[Records provided — start]

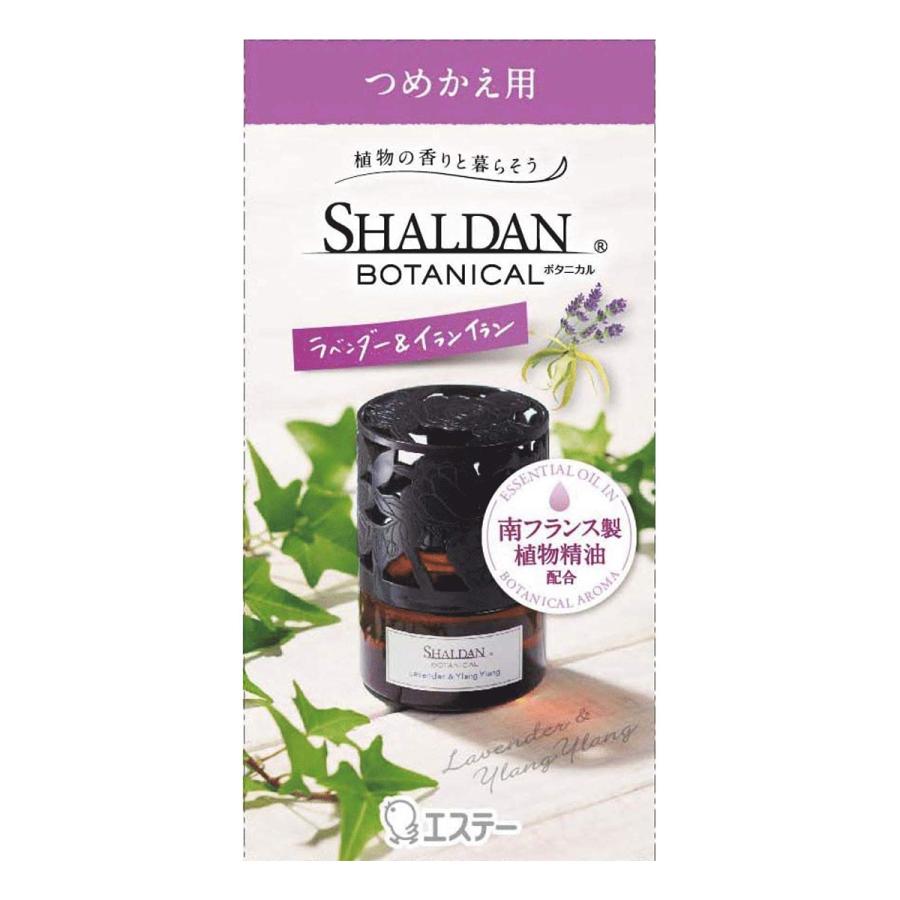 シャルダン ボタニカル ラベンダー イランイランの香り つめかえ用 25ml くすりの勉強堂 通販 Paypayモール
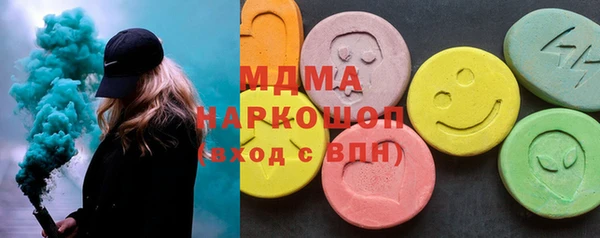 мефедрон Гвардейск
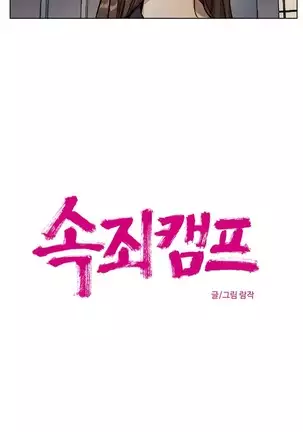 Atonement Camp Ch.0-50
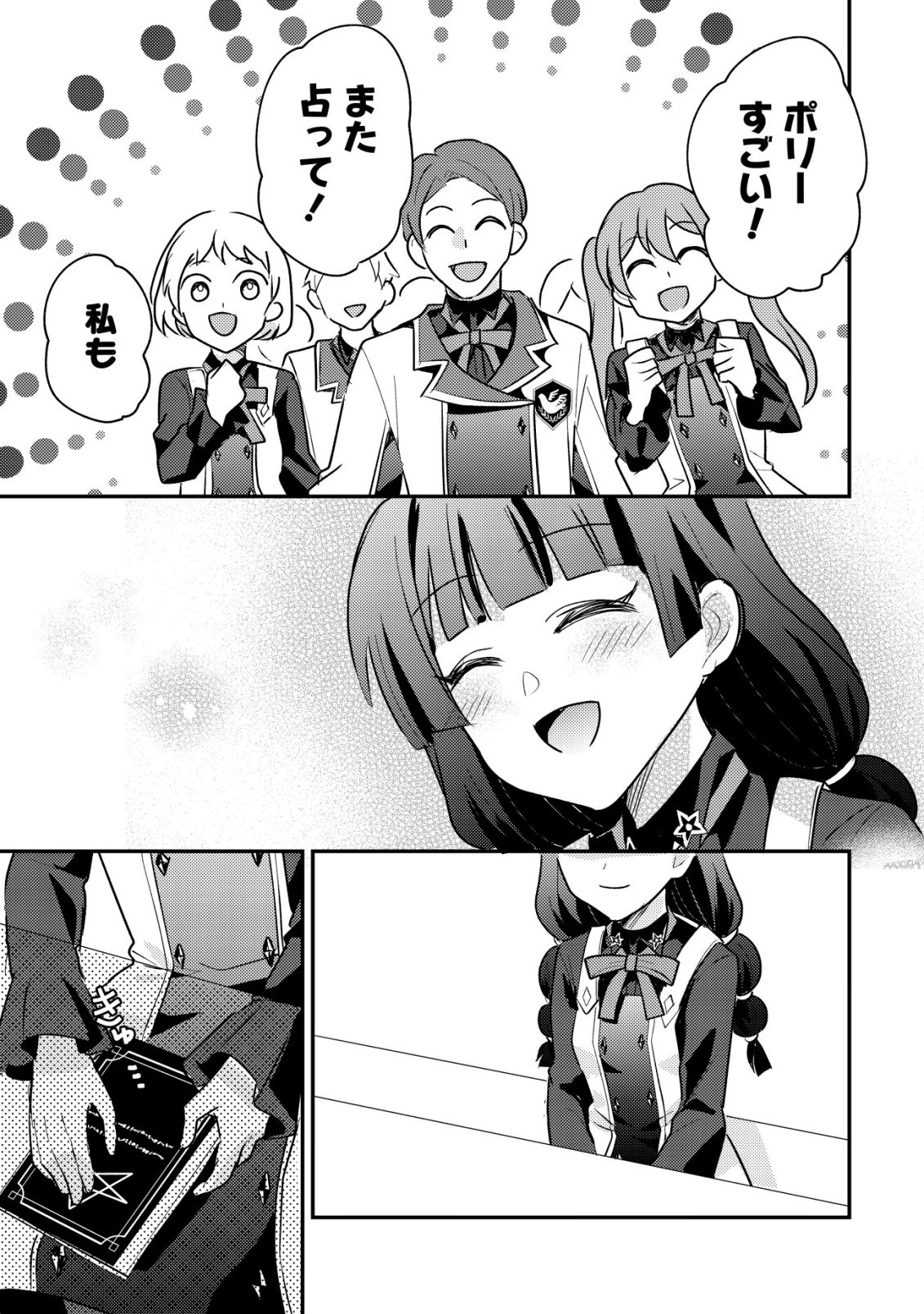 Tensei Kizoku no Isekai Boukenroku - Cain no Yarisugi Guild Nikki Chapter 62 19ページ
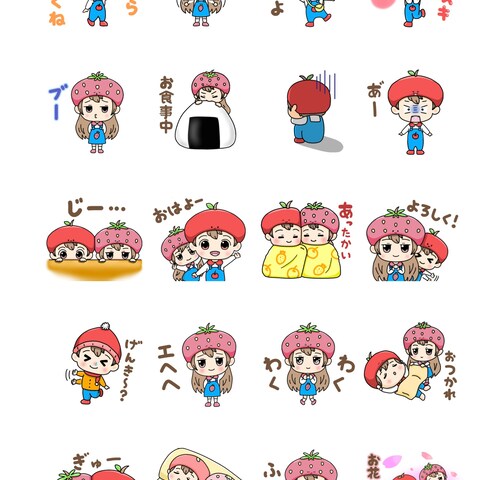 LINEスタンプ作成
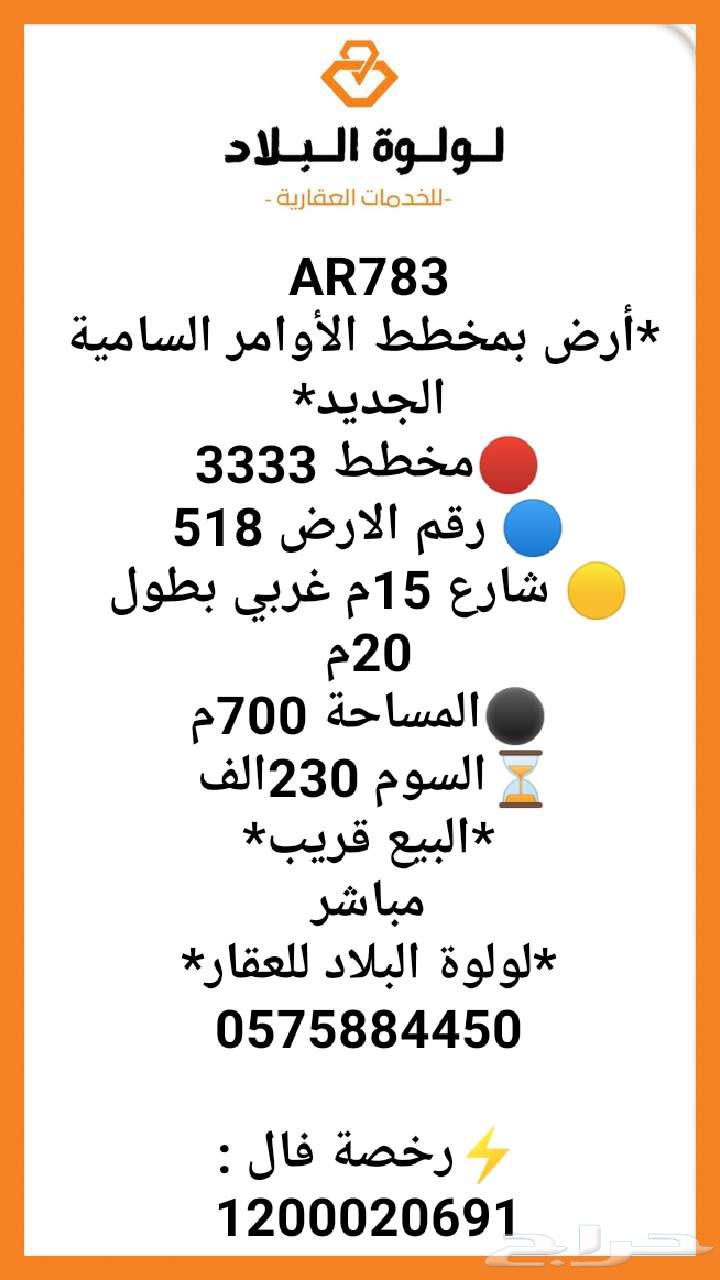 أرض بمخطط الأوامر السامية الجديد64582468899329110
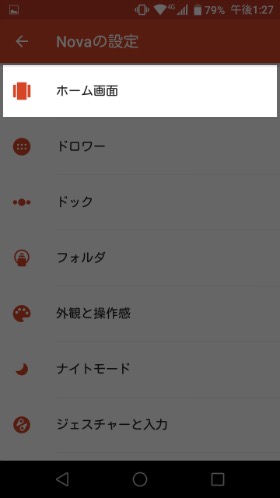Nova Lancherの設定からホーム画面の設定へ移動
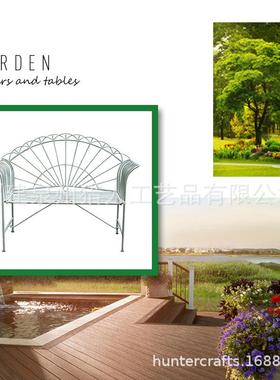 爆款铁艺双靠人发背椅子公园休闲躺椅户外庭沙OAO露院台长椅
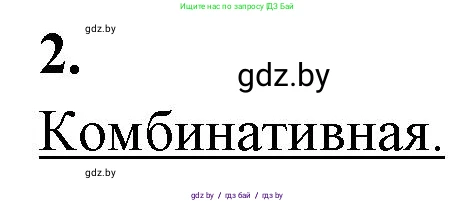 Биология, 11 класс рабочая тетрадь, автор: Хруцкая Тамара Викторовна, издательство Аверсэв, Минск, 2021, зелёного цвета, страница 70, номер 2, Решение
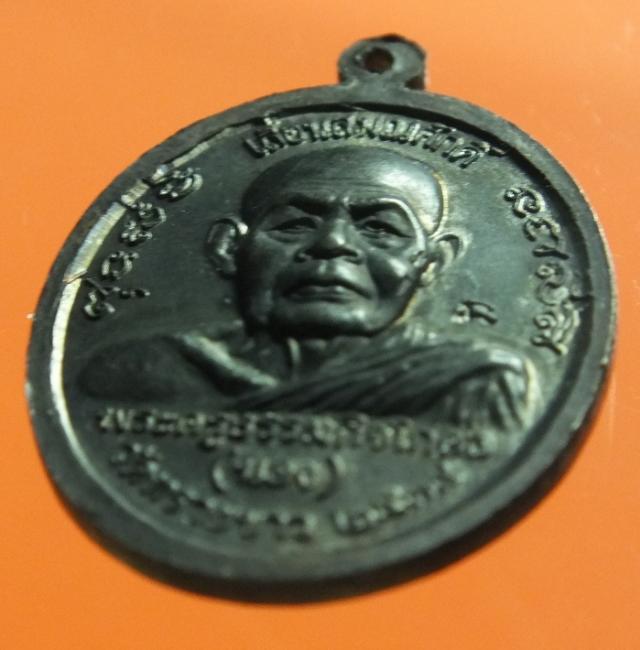 เหรียญหลวงปู่ทวด อาจารย์นอง  รุ่นเลื่อนสมณศักดิ์ ปี 2538 เนื้อทองแดงรมดำ บล็อคไข่ปลาล่าง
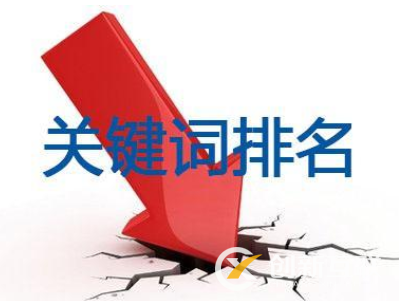 網(wǎng)站關(guān)鍵詞排名下降怎么辦？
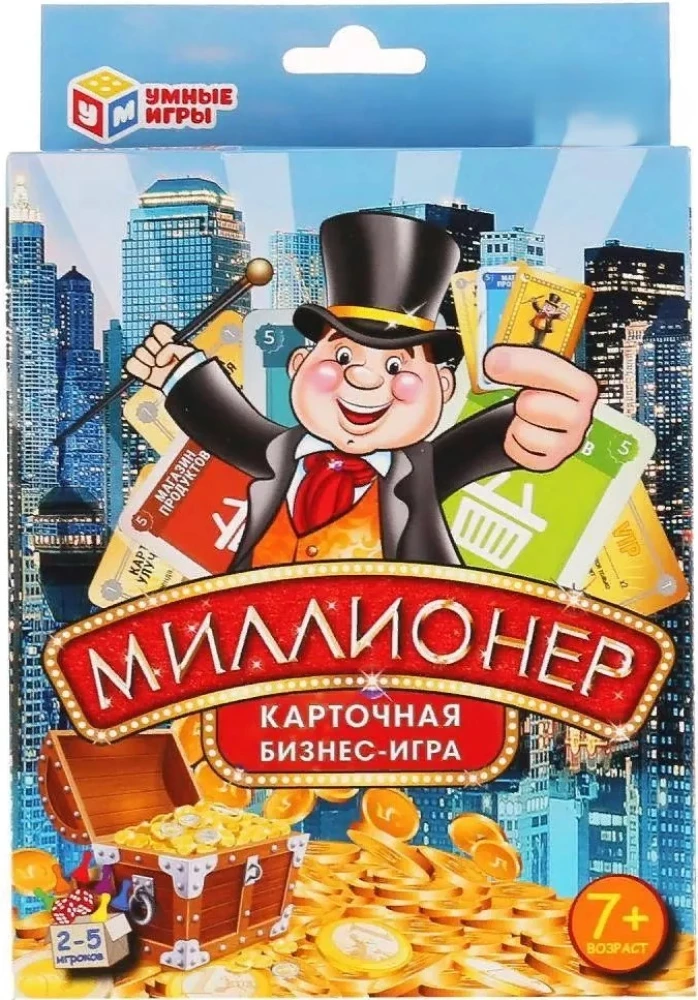 Stalo kortų žaidimas - Milijonierius. Verslo žaidimas
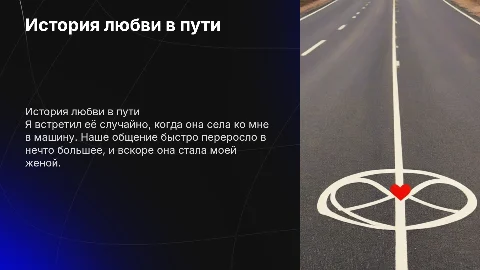 История любви: как я встретил красивую девушку в машине
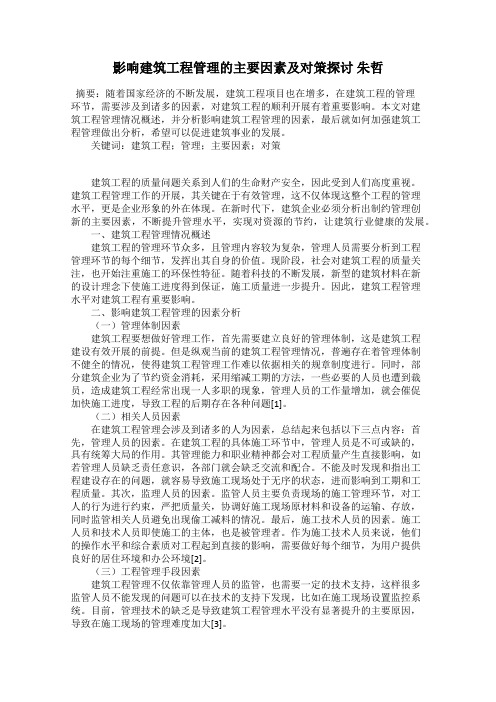 影响建筑工程管理的主要因素及对策探讨 朱哲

[Records provided — finish]

## Assigned task
With the pictures excluded, retype exactly the lines from the one containing "Биология, 11 класс" through the last line of the listing, both ends included.

## Final answer
 Биология, 11 класс рабочая тетрадь, автор: Хруцкая Тамара Викторовна, издательство Аверсэв, Минск, 2021, зелёного цвета, страница 70, номер 2, Решение
 เหรียญหลวงปู่ทวด อาจารย์นอง  รุ่นเลื่อนสมณศักดิ์ ปี 2538 เนื้อทองแดงรมดำ บล็อคไข่ปลาล่าง
 網(wǎng)站關(guān)鍵詞排名下降怎么辦？
 Stalo kortų žaidimas - Milijonierius. Verslo žaidimas
 История любви: как я встретил красивую девушку в машине
 影响建筑工程管理的主要因素及对策探讨 朱哲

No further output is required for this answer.